The trick to finding love on this platform is one of two ways: Either make a Finsta (an Instagram separate from your main account, where you post nudes or more vulnerable content than on your main), use enough hashtags to make that profile searchable to strangers, and wait for someone in Bulgaria—who is perfect for you in every way—to find you on the "Capricorn_bitches" discover page. Or, you can be the first to comment under every celebrity picture and wait for them to fall in love with you. Either way.


Twitter

Perhaps the purest choice, Twitter is where you can fall in love with someone's mind. Think of the weirdest, most personal thought you've ever had. Now, search it. Has anyone tweeted it before? That's your soulmate! You can also learn about the world while you're here, and internal growth makes us better partners to others and, more importantly, to ourselves. Eventually, if you get a lot of followers on Twitter, you won't even have to *look* for dates. They'll reply to all your tweets with propositions that vary from awkward to vaguely threatening. The magic of the internet!


Houseparty

This is a video chat app where you can also play a knock-off version of Cards Against Humanity and Pictionary or trivia, while seeing other people. You can enter "rooms" that are already going, which has a real early aughts chatroom vibe, and if that wasn't a hotbed for love, I don't know what is. Roll the dice! Play a game with a stranger. Everyone is a stranger before we meet them. What's so much better about hitting on someone in a café while they try to write a bad screenplay than crashing their intimate video chat with their friends and family? We can't jump out of a plane or shoplift right now—why not try this unconventional substitute? Live a little. You can also pick your username, so make it something intriguing. Mine is ButtDiva because I want people to know I have a butt and love Mariah Carey.

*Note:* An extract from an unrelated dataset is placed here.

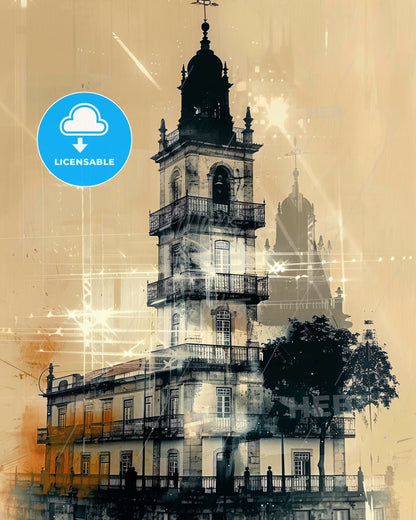 Loures: Unique Skyline and Local Flair Poster - A building with a tower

[Andrii Symonenko/Adobe Stock]

Zoom

This is everyone's new fave: the video conferencing platform taking the quarantined masses by storm. They have zero ethical barriers to prevent or punish breeches, such as hate speech or hacking, when people dump child porn in a call, but what do we expect? We don't punish racists in real life. Why would we punish them online?

Racism aside, this feels like a fun one. You can go on little video dates, and you also have the option to record every call, so send it to friends! Ask them what they think. Make a podcast out if it. Now we've redefined what love even is.


Animal Crossing

No love exists on this app! Just kidding. I just don't have $60 for the game or $200 for a Nintendo Switch. But have fun on your little islands or whatever.

All right, that's the end of our list. Any site can be for dating, because love is everywhere. The real lesson I hope that you all take from this is to be open and kind in all spaces, because at the end of all computers is another person who has also suffered and is searching for the comfort of connection, just like you. Also, why would you farm online? Truly insane. But good luck and invite me to your virtual wedding!